Abandoned Car of the Week

A conglomeration of Edsels



This conglomeration of Edsels was found in an Arizona salvage yard. If anyone is restoring an Edsel, this may be a treasure drove of parts. Built by Ford, Edsel was designed to range above Ford and Mercury and below Lincoln in the Ford lineup. The sedan was sold for just three years — 1958-1960 — before it was discontinued because of anemic sales.
(Photo by Jim Prueter)

Pick Cadillac in the snow

This 1960 pink Cadillac looks good in snow. The big GM luxury car was found in wintertime Nevada. Cadillac sold 142,184 cars in 1960, outpacing luxury rival Lincoln, which sold only 24,820 copies. (Photo By Jim Prueter)

A South Dakota Ford F-600



Ford has built a medium duty truck since 1948, and it was redesigned for its second generation in 1953 becoming the F-500 and F-600. 1953 was the last year for the long-running Flathead V-8 replaced in 1954 with the 239-cubic-inch Y-block V-8. This 1956 F-600 was found languishing in a backyard in Hosmer, S. D.
(Photo by Jim Meachen)

A van lineup

A Ford and a Dodge van occupy space with a step van (right). The three trucks were found in retirement near Sims. N.C. (Photo by Jim Meachen)

A Studebaker wagon



Station wagons were in vogue during the 1950s, and Studebaker had its version. This 1953 Studebaker wagon sits up high in a salvage yard sharing space with an early '50s Dodge van. As was the case with many station wagons in the '50s, the Studebaker was utility-challenged with only two doors.
(Photo by Jim Prueter)

McCormick Deering tractor Virginia yard art



The McCormick Deering steel-wheeled tractor was popular for use on the nation's farms in the '20s and '30s. Manufactured by the International Harvester Co., the McCormick Deering name was used until 1948, when this line of tractors became McCormick.

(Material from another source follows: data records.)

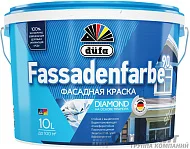 DUFA FASSADENFARBE RD90 фасадная матовая краска
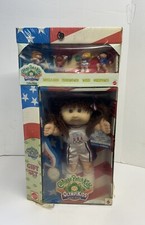 Cabbage Patch Kids 96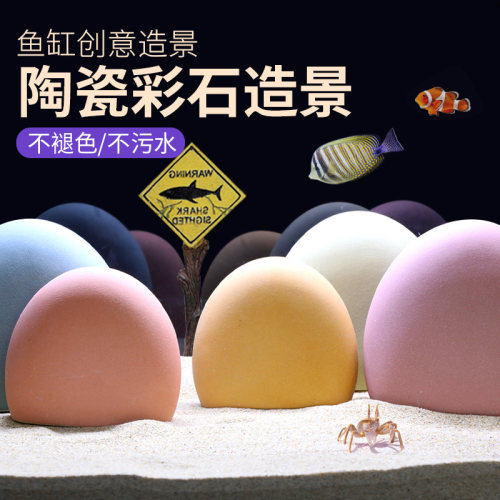 鱼缸造景陶罐彩石躲避屋仿真石头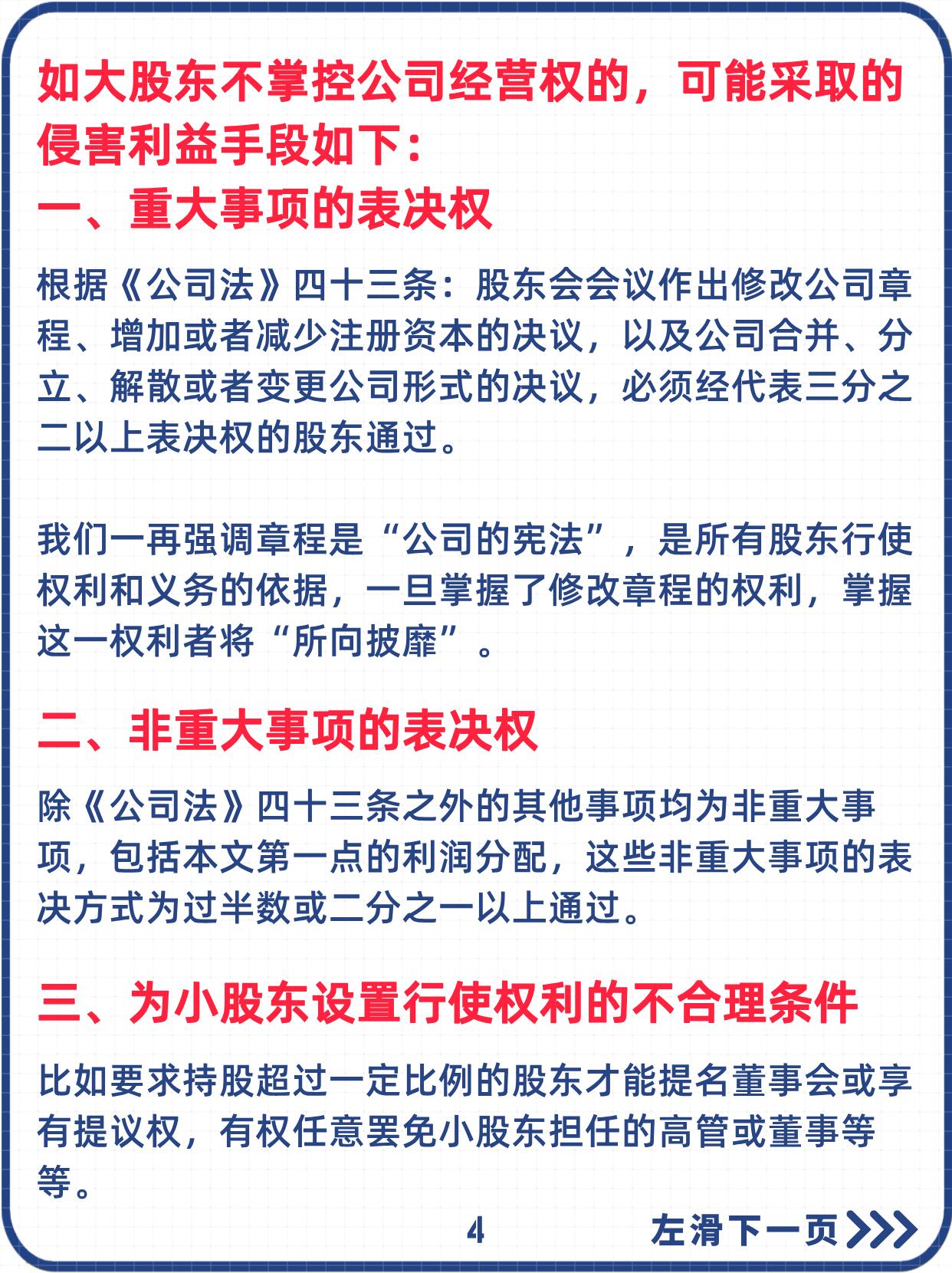 交易商协会对6家债券主承销商启动自律调查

This McCormick Deering tractor serves as yard art in a southern Virginia farmyard.
(Photo by Jim Meachen)


A Mercedes roadster in disrepair



Mercedes-Benz introduced the 230 SL roadster in 1963 with distinctive concave roofline that earned the nickname "pagoda top." Built from 1963 through 1971 on the W113 platform, it featured a low waistline, large curved greenhouse windows, detachable hardtop, and a new 2.3-liter six-cylinder inline engine. This surviver, perhaps undergoing restoration, was found in Black Creek, N.C.
(Photo by Jim Meachen)

Morris Minor 1000 in retirement



The Morris Minor economy car was built in England from 1948 through 1971. The last of three generations was built from 1956-1971, called the 1000 series. It came as a convertible, two-door coupe and four-door sedan. It was what would be classified today as a city car with a wheelbase of 86 inches and a length of 148 inches — and it weighed in at just over 1,700 pounds. The original inline 4-cylinder engine had a top speed of 63 mph and a 0-to-60 time of 52.5 seconds. By the third generation the engine had been beefed up to produce a top speed of 75 mph and a 0-to-60 time of 31 seconds. This Minor 1000 was found in a South Carolina salvage yard.
(Photo by Ralph Gable)

A German van from the '60s



This circa 1960s Mercedes-Benz L319 was discovered in an Arizona salvage yard. L319 is a light commercial vehicle built by Mercedes-Benz between 1955 and 1967. Larger than a standard delivery van, but smaller than a conventional light truck of the period, it was the manufacturer's first model in this class. The vehicle was offered with a range of van and truck bodies.
(Photo by Jim Prueter)

Ford's first minivan



The Ford Aerostar is a range of vans manufactured by Ford from the 1986 through the 1997 model years. The Aerostar is considered the first minivan produced by Ford, marketed against the Chevrolet Astro/GMC Safari and the first two generations of the Chrysler minivans. The Aerostar derived its name from its slope-nosed "one-box" exterior. Four engines (one four-cylinder) and three V-6s ranged in horsepower from 100 to 160. This example was found in retirement in eastern North Carolina.